L2/08-125

 

 

Title: Comments on FCD 19757-7
Date: February 8, 2008
From: INCITS/L2 (US Tag to SC2)
To: SC2
Cc: INCITS/V1 (US Tag to SC34)

In document SC2 N3997, JTC 1/SC 34 sollicits input from SC 2 on the FCD of ISO/IEC 19757-7, Information technology - Document Schema Definition Languages (DSDL) - Part 7: Character Repertoire Description Language (CRDL).

The US NB appreciates the opportunity offered by SC 34.

1. The name of U+000D is incorrectly spelled CARIIAGE instead of CARRIAGE (multiple times)

2. In addition to the union, intersection and difference operations, the symmetric difference operation is often useful.

3. We do not understand the requirement for kernel and hull. The document would benefit from detailed examples that illustrate the benefit of these constructs.

4. The syntax appears to allow for the specification of a kernel that does not contain characters in the hull, which would be incoherent.

5. The representation of characters by themselves may not survive normalization. For example, suppose that you have a collection described by the single "<char>a&#x308;</char>". According to the Unicode standard, that is equivalent to "<char>&#xE4;</char>". Suppose that two implementations receive the XML format, where in transmission to the second one the text has been normalized according to NFC (as permitted by Unicode), then the two implementation's interpretations of the values would be different. This could be fixed by specifying that the interpretation of the contents of <char> is always the text after normalization to NFC, or that the text must be in NFC to start with. Failing that, at least a very strong warning should be supplied.

6. In section 6.4, you probably want to add something along the lines of "and has the same semantics" at the end of the first paragraph.

7. The regular expression in 6.4 does not include all the properties listed in requirement RL1.2 of Unicode Technical Standard #18, Unicode Regular Expressions.

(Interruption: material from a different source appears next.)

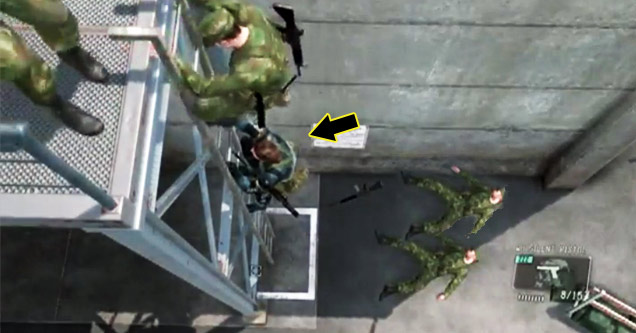 video game soldiers climbing ladder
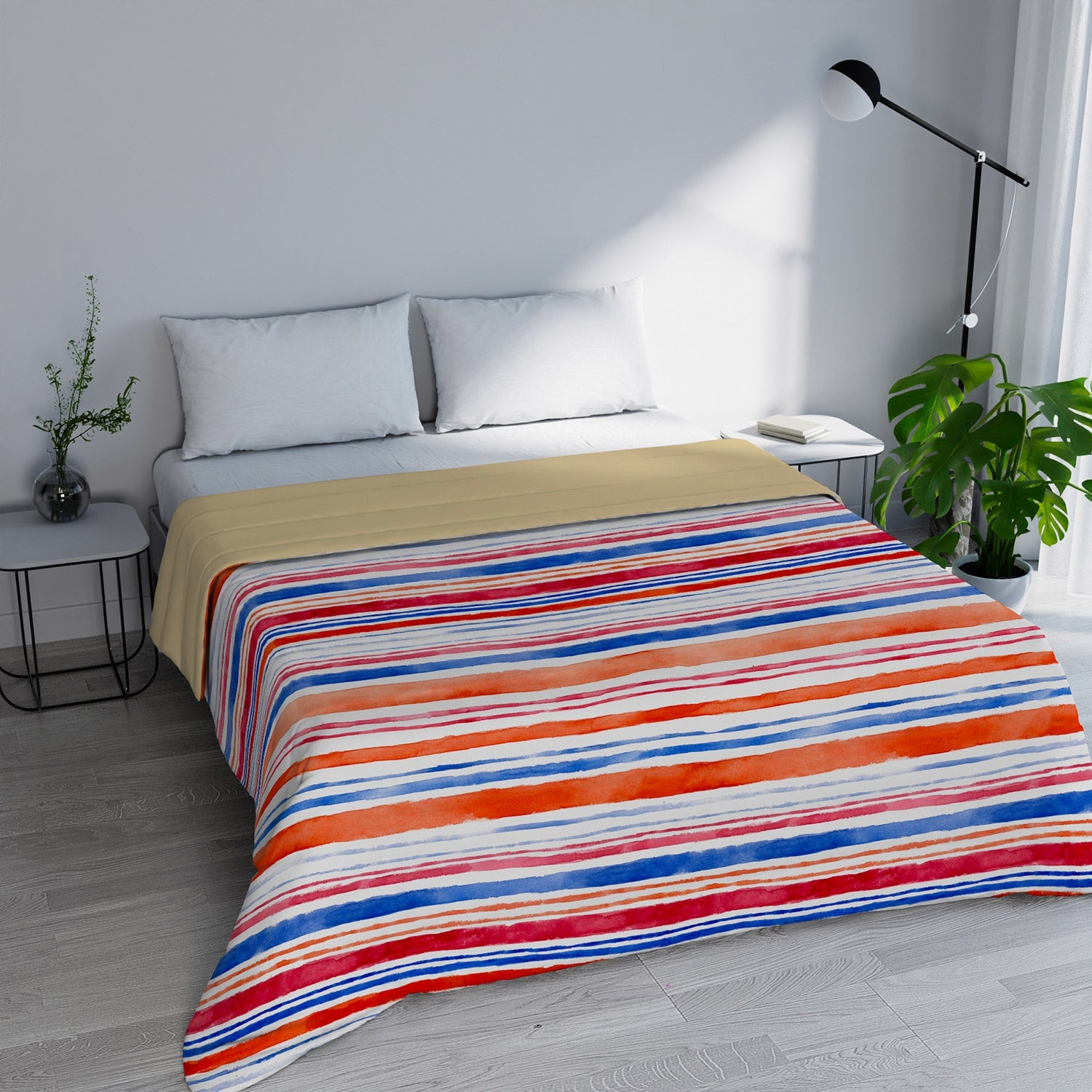 Trapuntino Estivo Matrimoniale in Microfibra 100 gr con Stampa Strisce Basic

8. In section 7.7, including some form of version of the registry would improve the reliability. For example, "<repertoire registry='CLDR' version='1.5' ...>"

9. The use of minUcsVersion and maxUcsVersion can lead to confusion. For example, there is no guarantee that the category of a character remain constant accross versions, so "\p{Po}" together with minUcsVersion=2.0 and maxUcsVersion=5.0 is ill-defined; is it those characters that were Po in any version between 2.0 and 5.0 or in all versions?